Automotive reportable segment are components that are aggregated into four geographical reporting units for the purpose of goodwill impairment testing, as they (A) have similar economic characteristics (all are automotive dealerships having similar margins), (B) offer similar products and services (all sell new and used vehicles, service, parts and third-party finance and insurance products), (C) have similar target markets and customers (generally individuals), and (D) have similar distribution and marketing practices (all distribute products and services through dealership facilities that market to customers in similar fashions). The geographic reporting units are Eastern, Central, and Western United States and International. Our Retail Commercial Truck reportable segment has been determined to represent one operating segment and reporting unit. The goodwill included in our Other reportable segment relates primarily to our commercial vehicle distribution operating segment.
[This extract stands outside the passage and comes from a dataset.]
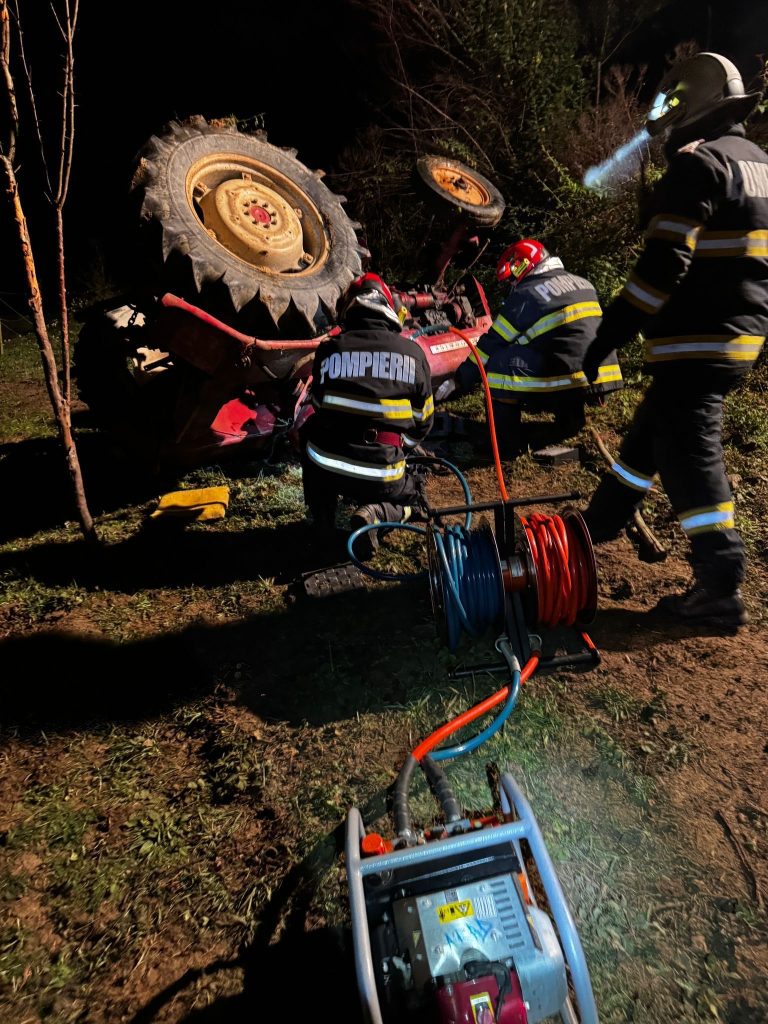 Pompierii intervin pentru salvarea unei victime blocate în utilaj agricol în Albota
There is no goodwill recorded in our Non-Automotive Investments reportable segment.
For our Retail Automotive and Retail Commercial Truck reporting units, we prepared a qualitative assessment of the carrying value of goodwill using the criteria in ASC 350-20-35-3 to determine whether it is more likely than not that a reporting unit’s fair value is less than its carrying value. If it were determined through the qualitative assessment that a reporting unit’s fair value is more likely than not greater than its carrying value, additional analysis would be unnecessary. During 2016, we concluded that it was not more likely than not that any of the retail automotive or retail commercial truck reporting units’ fair values were less than their carrying amount. If additional impairment testing was necessary, we would have estimated the fair value of our reporting units using an “income” valuation approach. The “income” valuation approach estimates our enterprise value using a net present value model, which discounts projected free cash flows of our business using the weighted average cost of capital as the discount rate. In connection with this process, we also reconcile the estimated aggregate fair values of our reporting units to our market capitalization. We believe this reconciliation process is consistent with a market participant perspective. This consideration would also include a control premium that represents the estimated amount an investor would pay for our equity securities to obtain a controlling interest, and other significant assumptions including revenue and profitability growth, franchise profit margins, residual values and the cost of capital.
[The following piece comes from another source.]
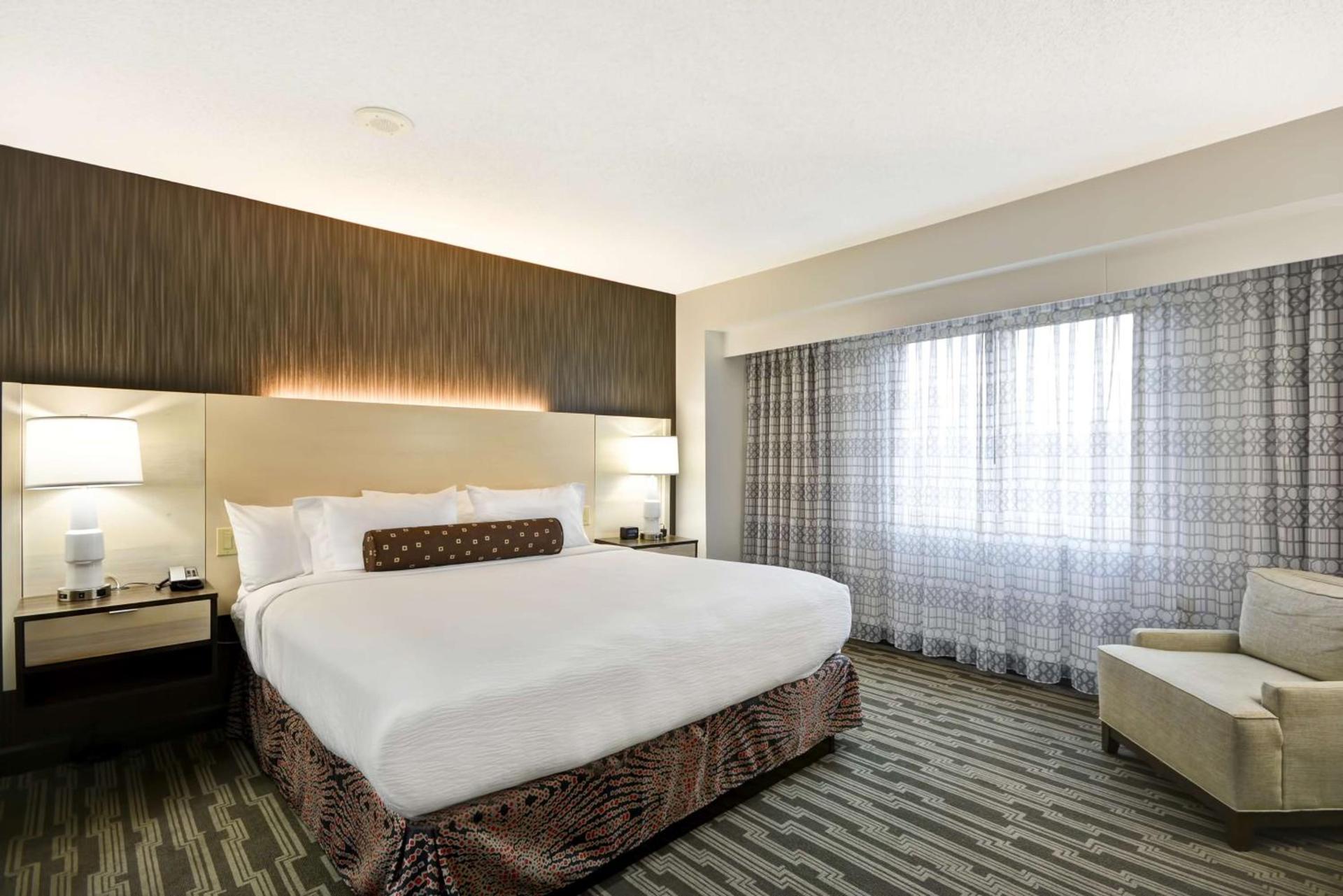 Embassy Suites Charlotte photo 17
For our Other reportable segment, we performed our impairment test by comparing the estimated fair value of each reporting unit with its carrying value. We estimated the fair value of these reporting units using an “income” valuation approach, as described above. We concluded that the fair value of each of these reporting units exceeded its carrying value.
We account for each of our investments under the equity method, pursuant to which we record our proportionate share of the investee’s income each period. The net book value of our investments was $893.4 million and $336.4 million as of December 31, 2016 and 2015, respectively, including $823.8 million and $290.6 million relating to PTL as of December 31, 2016 and 2015, respectively. In July 2016, we increased our ownership interest in PTL from 9.0% to 23.4% as a result of our acquisition of an additional 14.4% ownership interest, as discussed previously.
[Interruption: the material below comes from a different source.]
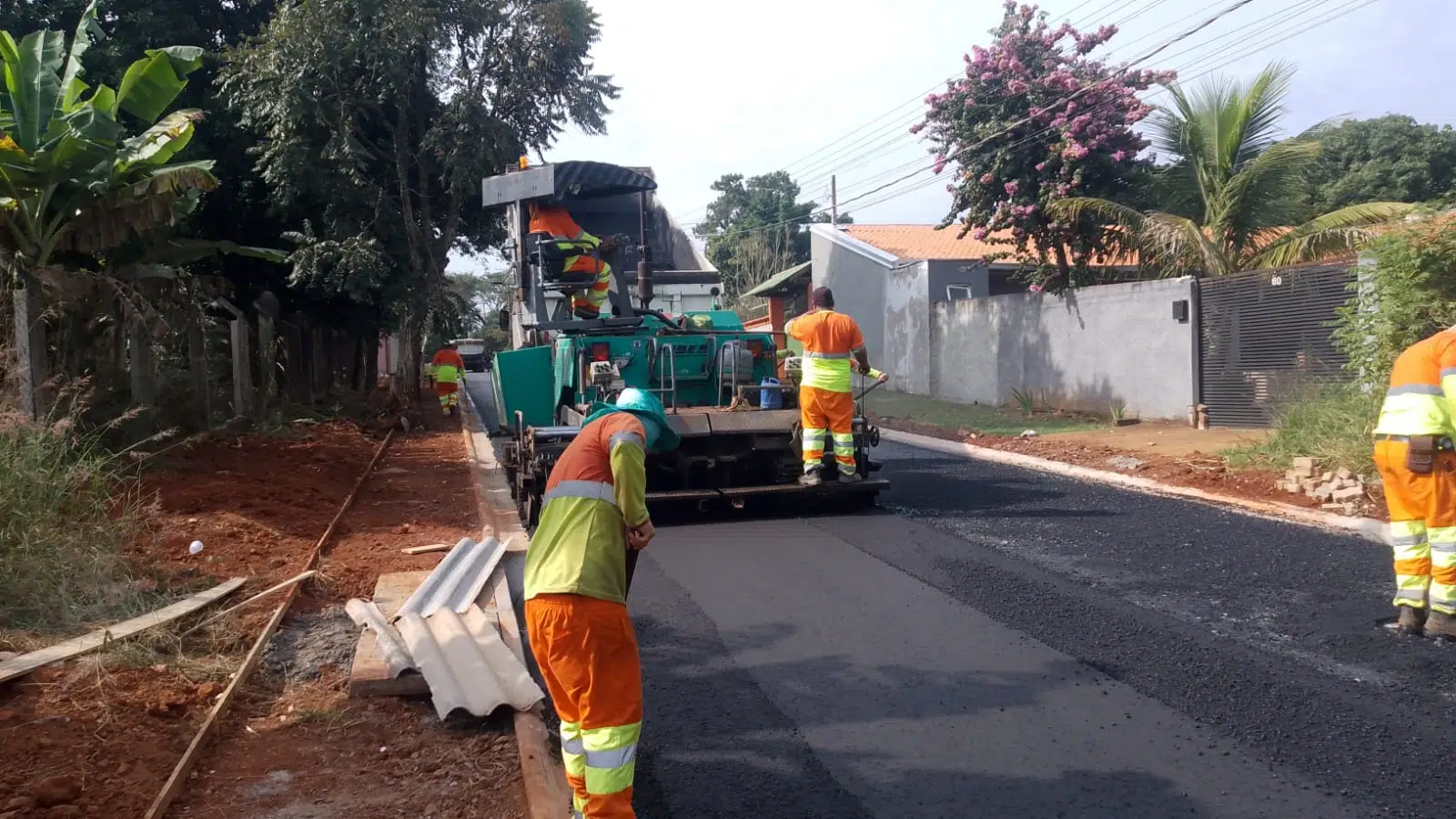 Rolo compactador finalizando a via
Investments for which there is not a liquid, actively traded market are reviewed periodically by management for indicators of impairment. If an indicator of impairment is identified, management estimates the fair value of the investment using a discounted cash flow approach, which includes assumptions relating to revenue and profitability growth, profit margins, residual values and our cost of capital. Declines in investment values that are deemed to be other than temporary may result in an impairment charge reducing the investments’ carrying value to fair value.
Foreign Currency Translation
For all of our non-U.S. operations, the functional currency is the local currency. The revenue and expense accounts of our non-U.S. operations are translated into U.S. dollars using the average exchange rates that prevailed during the period. Assets and liabilities of non-U.S. operations are translated into U.S. dollars using period end exchange rates.